Faits et procédure. La libéralisation de l’espace audiovisuel français en 2005 a notamment permis à Towercast et Itas, opérateurs concurrents de TDF qui détenait alors un monopole, d’entrer sur le marché de la diffusion. En 2016, TDF a pris le contrôle exclusif d’Itas grâce à une opération d’acquisition située en dessous des seuils prévus par le Règlement sur le contrôle des concentrations (Règlement n° 139/2004 du Conseil, du 20 janvier 2004, relatif au contrôle des concentrations entre entreprises N° Lexbase : L6036DNU) et par le Code de commerce français (C. com., art. L. 430-2 N° Lexbase : L2044KGS) : elle n’a donc pas fait l’objet d’une notification ni d’un examen au titre du contrôle préalable des concentrations. Cette opération n’a pas davantage donné lieu à une procédure de renvoi à la Commission en application de l’article 22 du Règlement sur le contrôle des concentrations.
Towercast estime que la prise de contrôle d’Itas par TDF constitue une infraction à l’interdiction de l’abus de position dominante prévue par le droit primaire de l’Union (TFUE, art 102 N° Lexbase : L2399IPK). Selon Towercast, TDF entrave la concurrence sur les marchés de gros amont et aval de la diffusion des services de TNT, en renforçant significativement sa position dominante sur ces marchés.
L’Autorité française de la concurrence ayant rejeté la plainte de Towercast, cette dernière a interjeté appel devant la cour d’appel de Paris (CA Paris, 5-7, 1er juillet 2021, n° 20/04300 N° Lexbase : A21829IN).
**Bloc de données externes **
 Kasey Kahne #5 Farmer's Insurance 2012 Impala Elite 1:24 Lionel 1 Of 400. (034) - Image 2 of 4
Question préjudicielle. Cette juridiction demande à la CJUE s’il est possible pour une autorité nationale de concurrence de contrôler a posteriori, compte tenu de l’interdiction de l’abus de position dominante prévue par le droit de l’Union, une opération de concentration réalisée par une entreprise en position dominante, lorsque cette concentration reste en deçà des seuils de chiffres d’affaires pertinents prévus par le Règlement sur le contrôle des concentrations et par le droit national des concentrations et qu’elle n’a donc pas fait l’objet d’un contrôle ex ante en ce sens.
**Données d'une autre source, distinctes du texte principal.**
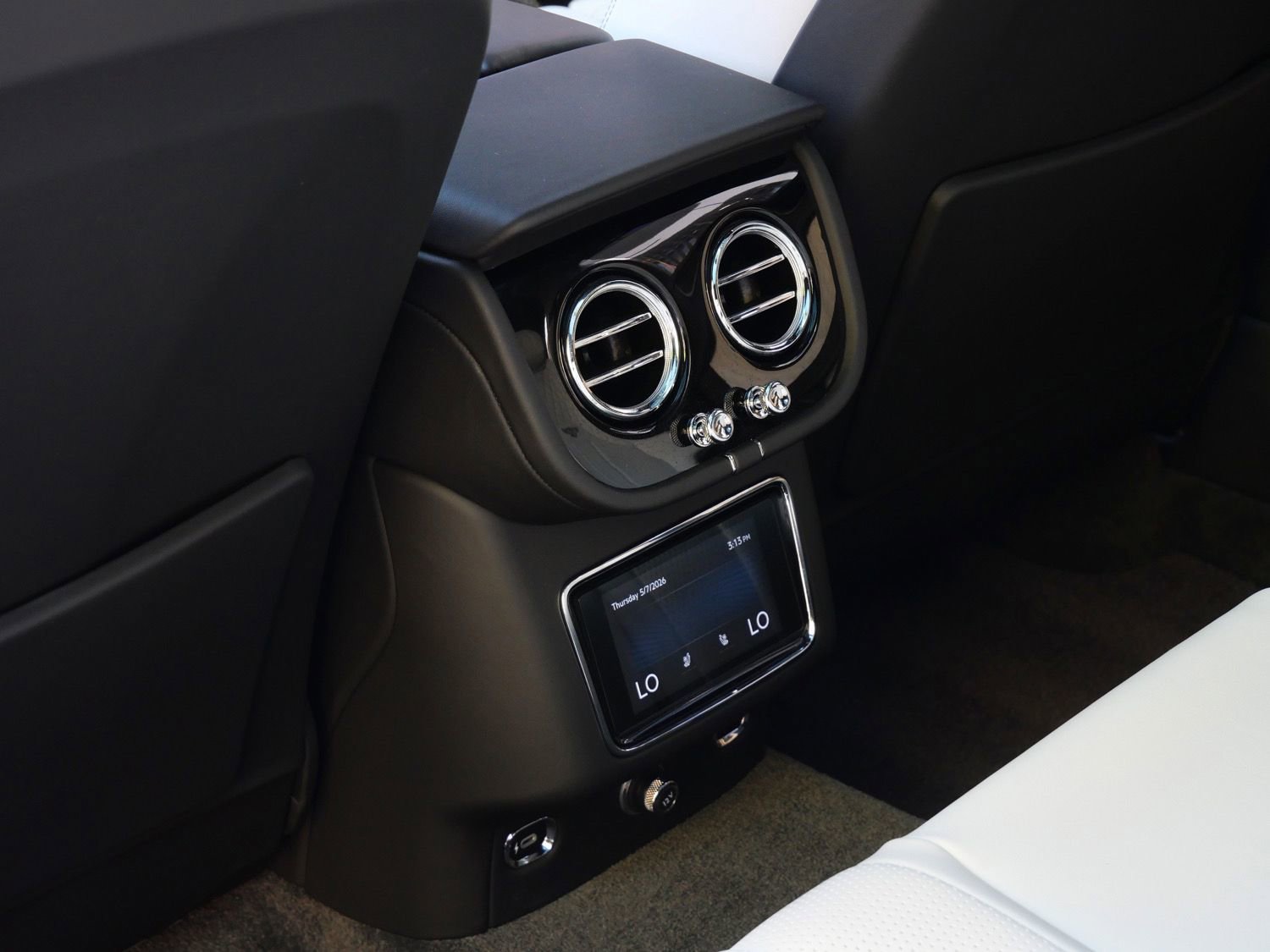 Used 2023 Bentley Bentayga AWD/4WD image 18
Décision. La CJUE juge qu’une opération de concentration de dimension non communautaire peut faire l’objet d’un contrôle par les autorités nationales de concurrence et par les juridictions nationales au titre de l’effet direct de l’interdiction de l’abus de position dominante prévue par le droit de l’Union, recourant pour cela à leurs propres règles procédurales. La Cour souligne en effet que, nonobstant le principe d’application exclusive du Règlement précité aux opérations de concentration, c’est bien le droit procédural des États membres qui trouve à s’appliquer aux concentrations de dimension non communautaire.
Elle précise que le système du guichet unique instauré par le Règlement sur le contrôle des concentrations constitue un instrument procédural spécifique. Il est exclusivement applicable aux concentrations d’entreprises impliquant des modifications structurelles importantes dont l’effet sur le marché s’étend au-delà des frontières d’un État membre. Il n’y a pas lieu, selon la Cour, d’en déduire que le législateur de l’Union a entendu rendre sans objet le contrôle opéré au niveau national d’une opération de concentration au regard de l’interdiction des abus de position dominante prévue par le droit primaire.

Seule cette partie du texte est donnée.